Eric Alterman: Have you ever given any thought to why you are so focused on the issue of economic inequality? Obviously, it’s an enormous problem, but few, if any, politicians have made it as central a focus as you have.

Bill de Blasio: Like most things, I think it’s profoundly personal. My parents had me late—they were both 44—and they were quintessential children of the Depression, so that was part of the endless dialogue loop at family meals. And I think that notion of the people you’re closest to having experienced intense economic disruption left a lifelong imprint. There’s one piece, to begin.

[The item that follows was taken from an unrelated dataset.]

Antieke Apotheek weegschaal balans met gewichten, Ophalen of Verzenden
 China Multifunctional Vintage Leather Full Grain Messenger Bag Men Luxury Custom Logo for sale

I’ve come up in public schools throughout my life, and I think just the connection to every kind of person—including people who were grappling with poverty—gave me another perspective. A bit of it is academic: doing urban studies at New York University, doing Latin American studies at Columbia for my master’s that implicitly got into issues of disenfranchisement and poverty. Some of it is the work I did in Central America—being there, but also dealing with a lot of folks in the liberation-theology movement. It was a lot of different pieces. And then it kind of goes into overdrive through the Dinkins years, dealing with communities all over the city. So much of our foundation came from communities that were struggling.

Alterman: What was your exact job under Dinkins?

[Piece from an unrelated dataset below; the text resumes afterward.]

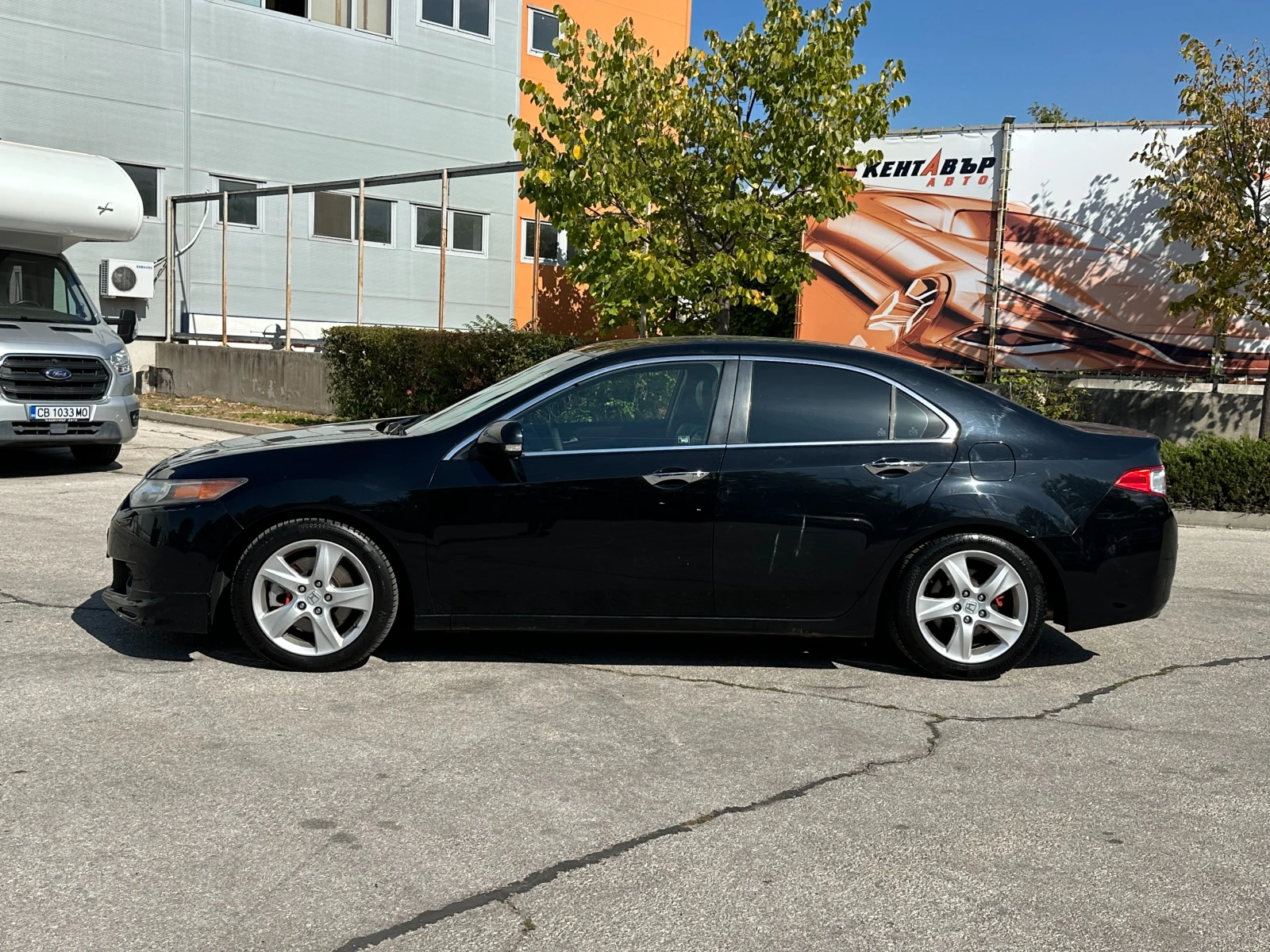 Honda Accord 2.4i 201 к.с. - изображение 2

de Blasio: For most of the time, I was special assistant to Bill Lynch, who was the deputy mayor. So I just got incessant exposure to community leaders and activists. And then everything I’ve learned through twenty-three years with Chirlane [his wife]—everything she’s seen in her own life and what she’s experienced in her broader community. So I think it’s sort of one piece built upon the other. Even the eight years on the City Council—when you serve a distinct community or set of neighborhoods, a lot of that time is hearing people talk about their lives. Even pre–economic crisis, it was quite clear to me it was happening across a range of demographics different than might have been assumed. I had a huge Orthodox Jewish community; a lot of the folks within that community were really struggling economically, and that was a part of my constituency. I had a lot of folks who came to me, because you turn to your council member if you have some insurmountable personal financial problem or you can’t pay your mortgage. So all this was like a constant soundtrack. And then I was also the chairman of the General Welfare Committee, which was the social-services committee. So I had endless meetings with advocates and community leaders about the challenges they faced.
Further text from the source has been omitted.